To reiterate, these are clusterings of Kanye’s albums based, more or less, on how often songs are grouped together in the same playlist!

## Notes

One interesting but expected grouping is the clustering of skits. Cluster #5 from the first graph is made out of a lot of skits, along with some lesser known tracks, and cluster #5 in the second graph is purely skits, with no actual songs. The reason this second graph might have been better at finding the skit pseudo-album is because it considers factors like “speechiness” and “instrumentalness” – skits typically have a high score in the former and low score in the latter, which would help separate them from their non-skit counterparts. The PCA results also follow the trend of having a skit-based grouping.

Another common trend is clusterings of more mainstream Kanye songs – in the first and last graphs, Stronger, POWER, Heartless, and Gold Digger end up in the same clusters. This makes sense intuitively – people that listen to more mainstream Kanye probably have playlists with the mainstream songs, which leads to closer tf-idf vectors.

There’s a really heavy grouping based on album in all of the graphs. This is expected; people make playlists in the moment and don’t always update them years later when new albums come out.

In general, I think it’s worth noting that the album clusters are pretty sequential – usually The College Dropout isn’t getting clustered with Kids See Ghosts, but rather with Late Registration, while MBDTF and Yeezus are often grouped together. Poetically, 808s and Heartbreaks finds itself alone a lot of the time, which is pretty Bad News.

Scroll through the graphs and see what connections you come up with!

## More Results

As a side note, I also sorted songs by their tf-idf vector magnitude – theoretically, songs with higher tf-idf magnitudes are more “distinctive”. If we cared about popularity, we can just look at how many playlists each song is in, but that’s less interesting. Here are Kanye’s top 10 “distinctive” songs!
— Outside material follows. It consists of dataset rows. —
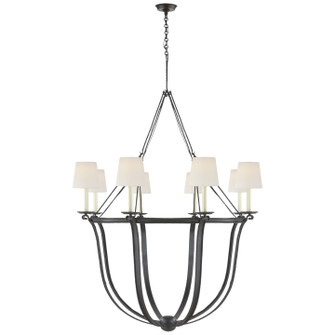 Lancaster Eight Light Chandelier in Aged Iron (268|CHC 1577AI-L)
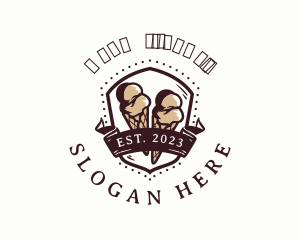 Vintage - Gelato Ice Cream logo design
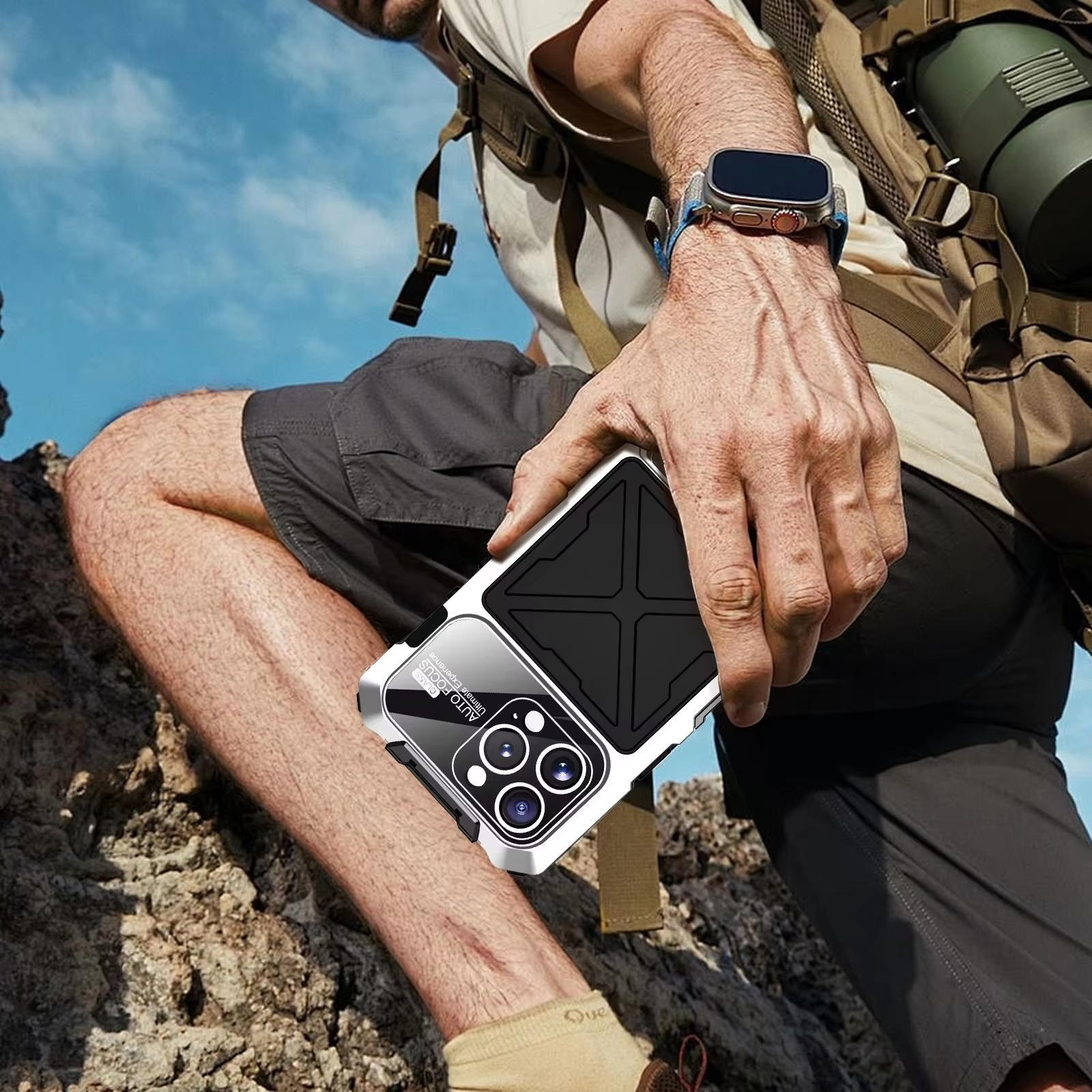 Robust Apple iPhone Case, MagSafe Compatible, Camera Lens and Screen Protection, Ultra Thin, Shockproof, Magnetic, Full All Around Protection, 360 Metal Lock Glass Cover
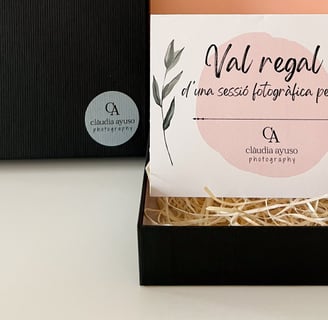 Val regal per sessió de fotos de Clàudia Ayuso Fotografia a Girona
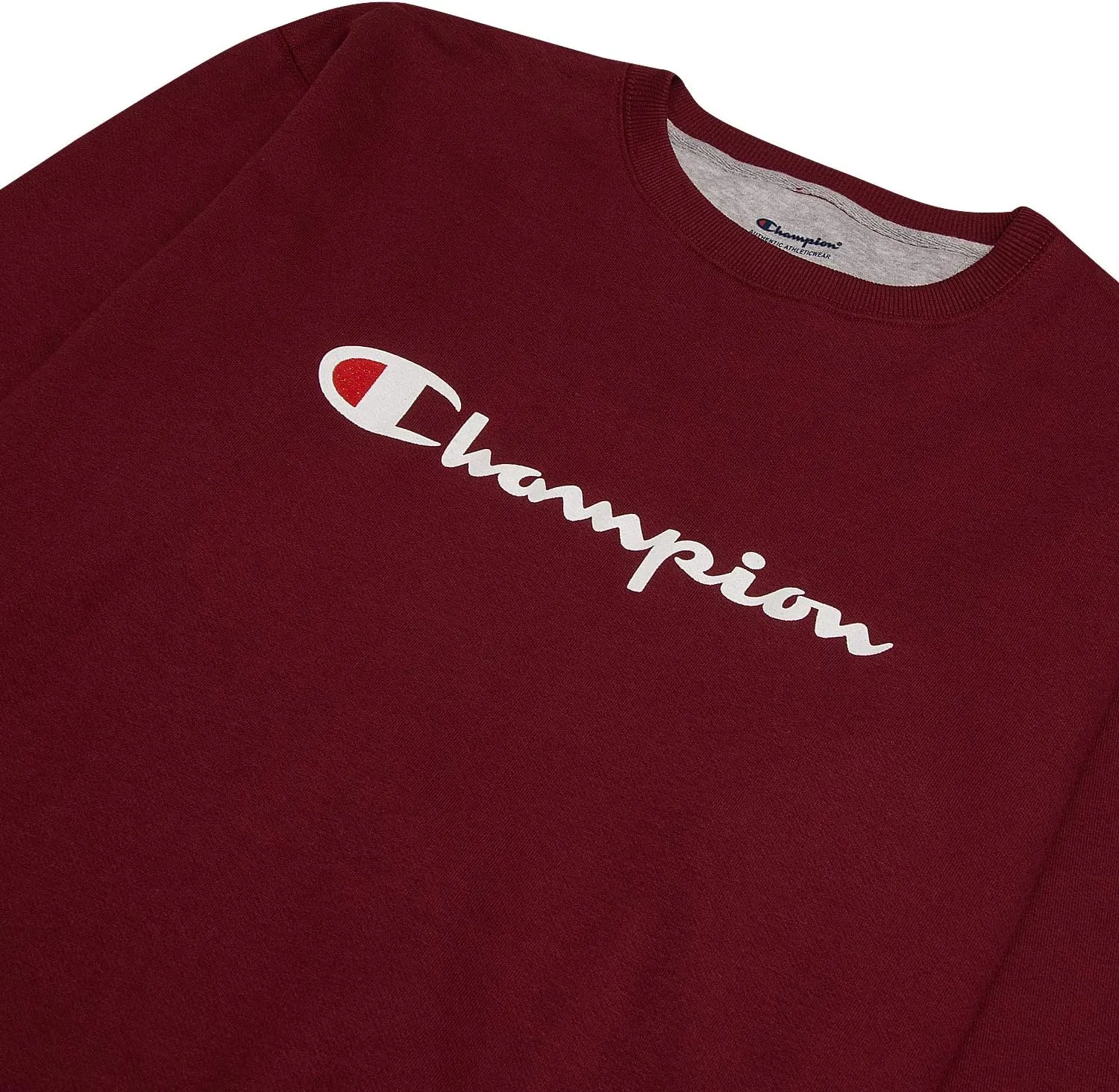 Champion Big and Tall Crewneck Sweatshirt - Cotton Casual Sweatshirt for Men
Interestingly, 4/10 of the songs are from MBDTF, which left me So Appalled. Old Kanye was mostly absent – The College Dropout had one song, while Late Registration and Graduation were missing. There was no Yeezus or TLOP either, which is strange since those albums were pretty Famous.

If we only rank songs based on how many playlists they’re in, we get the following results.

1. Stronger - 336 occurrences
2. Gold Digger - 333 occurrences
3. POWER - 296 occurrences
4. All Of The Lights - 189 occurrences
5. Can’t Tell Me Nothing - 186 occurrences
6. Good Life - 160 occurrences
7. I Love It (& Lil Pump) - 159 occurrences
8. Black Skinhead - 159 occurrences
9. Father Stretch My Hands Pt. 1 - 157 occurrences
10. Flashing Lights - 143 occurrences

Unlike the previous playlist, we have a lot of Graduation in this playlist, and Late Registration, Yeezus, and TLOP are present as well. However, there is no 808s & Heartbreak, which is Amazing.

Many people consider Stronger, Gold Digger, and POWER to be a lot more mainstream, which this data confirms. These songs occur in around 300 playlists, while the 4th place song, All Of The Lights, appears in 189 playlists, a big drop.

## “Transorthogonal Linguistics”

I used to go to these meetups in DC called Hack and Tell where people showed off cool things they made – one person I met, Travis, worked on a project called Transorthogonal Linguistics, which took two unit vector embeddings of words in n-dimensional space, drew a “line” between them, traversed that line by a fixed distance at a time, and projected the current point on that line back into the n-dimensional unit sphere. This approximation of traversing the perimeter of a sphere is a lot easier than actually tracing it – while pretty easy in 2D, actually tracing the path between two points on a sphere gets pretty nontrivial pretty quickly as dimension increases.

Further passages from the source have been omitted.